▶ **Dataset entries**:
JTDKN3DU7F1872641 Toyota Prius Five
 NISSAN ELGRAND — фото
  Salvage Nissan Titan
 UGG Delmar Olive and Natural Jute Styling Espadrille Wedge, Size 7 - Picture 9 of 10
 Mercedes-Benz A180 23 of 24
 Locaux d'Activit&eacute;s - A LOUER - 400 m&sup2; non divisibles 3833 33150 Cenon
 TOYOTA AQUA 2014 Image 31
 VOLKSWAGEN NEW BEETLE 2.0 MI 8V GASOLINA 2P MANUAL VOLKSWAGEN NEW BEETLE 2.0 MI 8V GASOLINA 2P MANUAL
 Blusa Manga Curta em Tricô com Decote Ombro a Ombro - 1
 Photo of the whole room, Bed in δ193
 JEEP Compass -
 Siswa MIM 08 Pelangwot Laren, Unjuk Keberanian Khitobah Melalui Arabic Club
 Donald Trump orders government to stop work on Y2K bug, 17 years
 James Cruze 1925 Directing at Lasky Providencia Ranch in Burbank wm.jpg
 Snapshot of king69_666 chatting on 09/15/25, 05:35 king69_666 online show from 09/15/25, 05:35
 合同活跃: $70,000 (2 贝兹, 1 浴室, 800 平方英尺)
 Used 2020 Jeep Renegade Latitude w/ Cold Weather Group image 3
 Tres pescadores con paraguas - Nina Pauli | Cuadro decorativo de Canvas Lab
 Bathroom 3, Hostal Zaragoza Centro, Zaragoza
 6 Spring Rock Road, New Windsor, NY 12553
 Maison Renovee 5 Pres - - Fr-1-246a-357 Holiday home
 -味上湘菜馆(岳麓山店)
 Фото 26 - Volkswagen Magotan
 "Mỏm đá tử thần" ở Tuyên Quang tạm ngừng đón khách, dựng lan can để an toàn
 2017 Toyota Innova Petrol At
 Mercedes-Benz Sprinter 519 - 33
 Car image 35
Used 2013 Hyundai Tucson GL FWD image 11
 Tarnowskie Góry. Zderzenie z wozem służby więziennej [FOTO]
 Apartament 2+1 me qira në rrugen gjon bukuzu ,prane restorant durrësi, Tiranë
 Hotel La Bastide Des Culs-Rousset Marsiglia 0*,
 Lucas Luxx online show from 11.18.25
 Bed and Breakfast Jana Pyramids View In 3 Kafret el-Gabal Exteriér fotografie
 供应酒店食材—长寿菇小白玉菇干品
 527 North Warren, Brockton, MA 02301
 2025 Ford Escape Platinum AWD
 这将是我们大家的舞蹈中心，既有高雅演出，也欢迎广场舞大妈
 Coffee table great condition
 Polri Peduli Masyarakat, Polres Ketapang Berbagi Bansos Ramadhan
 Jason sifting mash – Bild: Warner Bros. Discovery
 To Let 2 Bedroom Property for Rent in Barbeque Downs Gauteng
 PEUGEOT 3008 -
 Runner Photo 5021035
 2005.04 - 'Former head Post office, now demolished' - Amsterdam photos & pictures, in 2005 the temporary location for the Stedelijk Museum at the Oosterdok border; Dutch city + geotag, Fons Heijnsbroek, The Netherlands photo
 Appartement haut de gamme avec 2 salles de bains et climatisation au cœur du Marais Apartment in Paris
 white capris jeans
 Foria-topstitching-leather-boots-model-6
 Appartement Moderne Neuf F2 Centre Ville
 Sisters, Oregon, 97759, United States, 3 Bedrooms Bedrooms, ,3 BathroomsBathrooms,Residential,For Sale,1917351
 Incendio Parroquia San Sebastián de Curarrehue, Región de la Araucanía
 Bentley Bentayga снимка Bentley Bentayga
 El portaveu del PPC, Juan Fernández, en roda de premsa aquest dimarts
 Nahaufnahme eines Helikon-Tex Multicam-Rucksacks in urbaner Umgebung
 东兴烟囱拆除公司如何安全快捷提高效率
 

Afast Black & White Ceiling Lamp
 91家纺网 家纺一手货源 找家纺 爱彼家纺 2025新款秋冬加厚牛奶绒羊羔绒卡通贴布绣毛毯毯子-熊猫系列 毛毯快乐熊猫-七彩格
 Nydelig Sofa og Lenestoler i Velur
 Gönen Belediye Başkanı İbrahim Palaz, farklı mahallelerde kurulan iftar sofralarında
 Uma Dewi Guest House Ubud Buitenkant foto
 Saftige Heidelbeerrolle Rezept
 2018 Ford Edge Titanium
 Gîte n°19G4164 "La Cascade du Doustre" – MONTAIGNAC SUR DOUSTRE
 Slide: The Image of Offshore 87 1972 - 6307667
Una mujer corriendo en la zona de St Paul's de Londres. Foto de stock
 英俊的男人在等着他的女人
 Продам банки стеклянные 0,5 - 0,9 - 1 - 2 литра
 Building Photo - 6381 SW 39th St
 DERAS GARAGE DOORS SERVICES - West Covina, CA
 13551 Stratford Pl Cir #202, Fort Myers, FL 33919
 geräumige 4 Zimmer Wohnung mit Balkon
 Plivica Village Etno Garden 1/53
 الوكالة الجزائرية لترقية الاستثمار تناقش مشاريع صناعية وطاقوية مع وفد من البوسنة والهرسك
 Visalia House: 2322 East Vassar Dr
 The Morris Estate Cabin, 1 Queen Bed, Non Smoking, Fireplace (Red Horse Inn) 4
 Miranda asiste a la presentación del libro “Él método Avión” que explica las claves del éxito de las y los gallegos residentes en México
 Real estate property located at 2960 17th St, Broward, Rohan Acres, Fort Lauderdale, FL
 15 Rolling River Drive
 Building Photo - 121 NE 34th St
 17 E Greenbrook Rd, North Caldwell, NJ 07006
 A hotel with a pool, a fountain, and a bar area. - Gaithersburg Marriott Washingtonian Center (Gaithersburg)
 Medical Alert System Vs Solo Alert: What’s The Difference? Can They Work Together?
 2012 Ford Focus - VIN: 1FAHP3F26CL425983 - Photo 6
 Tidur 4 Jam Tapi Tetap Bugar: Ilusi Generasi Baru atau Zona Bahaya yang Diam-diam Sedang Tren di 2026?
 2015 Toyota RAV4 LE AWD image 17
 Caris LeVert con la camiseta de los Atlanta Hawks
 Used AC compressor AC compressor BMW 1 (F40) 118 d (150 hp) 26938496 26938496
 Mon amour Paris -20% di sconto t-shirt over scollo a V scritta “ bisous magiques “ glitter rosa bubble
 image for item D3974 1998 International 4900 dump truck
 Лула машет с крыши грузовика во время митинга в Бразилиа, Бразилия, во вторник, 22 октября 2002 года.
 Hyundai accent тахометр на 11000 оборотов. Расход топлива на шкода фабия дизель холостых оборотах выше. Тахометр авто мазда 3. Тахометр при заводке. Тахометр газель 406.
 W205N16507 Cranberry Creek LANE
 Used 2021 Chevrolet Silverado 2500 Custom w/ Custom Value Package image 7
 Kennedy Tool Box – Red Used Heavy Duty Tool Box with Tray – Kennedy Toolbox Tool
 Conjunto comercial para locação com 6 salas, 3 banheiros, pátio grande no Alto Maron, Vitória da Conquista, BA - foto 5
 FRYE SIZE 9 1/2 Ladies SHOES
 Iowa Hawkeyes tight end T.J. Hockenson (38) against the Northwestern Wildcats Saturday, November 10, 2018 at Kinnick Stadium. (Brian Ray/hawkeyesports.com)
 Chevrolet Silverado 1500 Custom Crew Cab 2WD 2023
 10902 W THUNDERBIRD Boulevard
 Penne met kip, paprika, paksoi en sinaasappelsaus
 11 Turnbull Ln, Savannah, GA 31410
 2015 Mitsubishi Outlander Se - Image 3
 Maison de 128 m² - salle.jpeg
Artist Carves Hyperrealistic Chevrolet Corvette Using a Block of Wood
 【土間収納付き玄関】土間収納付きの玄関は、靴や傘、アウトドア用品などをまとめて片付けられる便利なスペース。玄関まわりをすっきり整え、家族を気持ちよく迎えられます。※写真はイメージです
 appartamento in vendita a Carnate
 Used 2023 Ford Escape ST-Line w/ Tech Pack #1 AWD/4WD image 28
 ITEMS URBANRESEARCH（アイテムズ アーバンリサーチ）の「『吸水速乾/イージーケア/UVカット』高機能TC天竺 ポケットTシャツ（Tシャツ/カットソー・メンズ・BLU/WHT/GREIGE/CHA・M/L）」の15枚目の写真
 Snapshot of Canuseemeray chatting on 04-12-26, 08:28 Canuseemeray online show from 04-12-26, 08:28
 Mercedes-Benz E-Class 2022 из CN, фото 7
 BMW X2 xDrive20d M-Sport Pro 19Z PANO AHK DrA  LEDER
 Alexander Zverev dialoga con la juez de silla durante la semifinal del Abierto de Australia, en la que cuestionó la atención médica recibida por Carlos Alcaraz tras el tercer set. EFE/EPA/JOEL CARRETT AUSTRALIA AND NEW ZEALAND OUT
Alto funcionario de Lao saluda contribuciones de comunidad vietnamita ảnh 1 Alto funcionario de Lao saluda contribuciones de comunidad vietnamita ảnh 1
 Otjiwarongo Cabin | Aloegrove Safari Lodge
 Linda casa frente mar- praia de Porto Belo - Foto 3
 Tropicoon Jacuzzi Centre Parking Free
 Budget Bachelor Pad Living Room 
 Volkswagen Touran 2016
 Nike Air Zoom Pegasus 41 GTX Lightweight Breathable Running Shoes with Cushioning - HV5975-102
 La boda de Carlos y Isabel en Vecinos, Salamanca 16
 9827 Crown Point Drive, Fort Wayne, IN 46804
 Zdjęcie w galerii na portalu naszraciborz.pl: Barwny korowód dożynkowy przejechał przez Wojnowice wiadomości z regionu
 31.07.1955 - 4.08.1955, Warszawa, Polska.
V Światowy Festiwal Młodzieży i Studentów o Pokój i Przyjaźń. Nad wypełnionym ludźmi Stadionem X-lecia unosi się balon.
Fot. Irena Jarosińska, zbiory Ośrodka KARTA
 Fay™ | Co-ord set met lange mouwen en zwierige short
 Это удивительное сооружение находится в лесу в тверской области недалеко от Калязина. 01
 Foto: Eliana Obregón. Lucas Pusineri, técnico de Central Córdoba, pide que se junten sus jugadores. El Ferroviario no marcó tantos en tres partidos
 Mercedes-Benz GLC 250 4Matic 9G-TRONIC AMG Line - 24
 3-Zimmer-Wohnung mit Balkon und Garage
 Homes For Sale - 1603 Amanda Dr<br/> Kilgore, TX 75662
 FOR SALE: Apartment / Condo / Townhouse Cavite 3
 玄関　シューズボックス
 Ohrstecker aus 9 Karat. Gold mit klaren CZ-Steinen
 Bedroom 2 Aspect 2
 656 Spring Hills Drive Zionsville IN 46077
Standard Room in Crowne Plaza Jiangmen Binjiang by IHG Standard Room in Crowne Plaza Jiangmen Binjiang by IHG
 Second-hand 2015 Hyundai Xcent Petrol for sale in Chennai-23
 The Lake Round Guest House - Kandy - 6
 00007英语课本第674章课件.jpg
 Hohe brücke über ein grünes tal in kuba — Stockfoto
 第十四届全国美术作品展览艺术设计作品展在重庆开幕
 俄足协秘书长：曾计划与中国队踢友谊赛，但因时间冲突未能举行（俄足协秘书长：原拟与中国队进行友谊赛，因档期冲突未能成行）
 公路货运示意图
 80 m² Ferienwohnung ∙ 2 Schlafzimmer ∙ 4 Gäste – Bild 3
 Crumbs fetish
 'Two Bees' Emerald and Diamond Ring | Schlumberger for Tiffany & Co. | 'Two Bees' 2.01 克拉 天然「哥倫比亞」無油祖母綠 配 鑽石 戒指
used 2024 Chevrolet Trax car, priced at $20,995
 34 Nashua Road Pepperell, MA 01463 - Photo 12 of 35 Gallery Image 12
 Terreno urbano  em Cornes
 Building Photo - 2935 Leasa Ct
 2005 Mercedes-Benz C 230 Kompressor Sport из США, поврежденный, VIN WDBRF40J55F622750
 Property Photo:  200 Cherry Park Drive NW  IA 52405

▶ **The task**:
Using only the listing above, restate exactly the lines from the line containing "Medical Alert System" through the line containing "image for item", both included.

▶ **Solved problem**:
 Medical Alert System Vs Solo Alert: What’s The Difference? Can They Work Together?
 2012 Ford Focus - VIN: 1FAHP3F26CL425983 - Photo 6
 Tidur 4 Jam Tapi Tetap Bugar: Ilusi Generasi Baru atau Zona Bahaya yang Diam-diam Sedang Tren di 2026?
 2015 Toyota RAV4 LE AWD image 17
 Caris LeVert con la camiseta de los Atlanta Hawks
 Used AC compressor AC compressor BMW 1 (F40) 118 d (150 hp) 26938496 26938496
 Mon amour Paris -20% di sconto t-shirt over scollo a V scritta “ bisous magiques “ glitter rosa bubble
 image for item D3974 1998 International 4900 dump truck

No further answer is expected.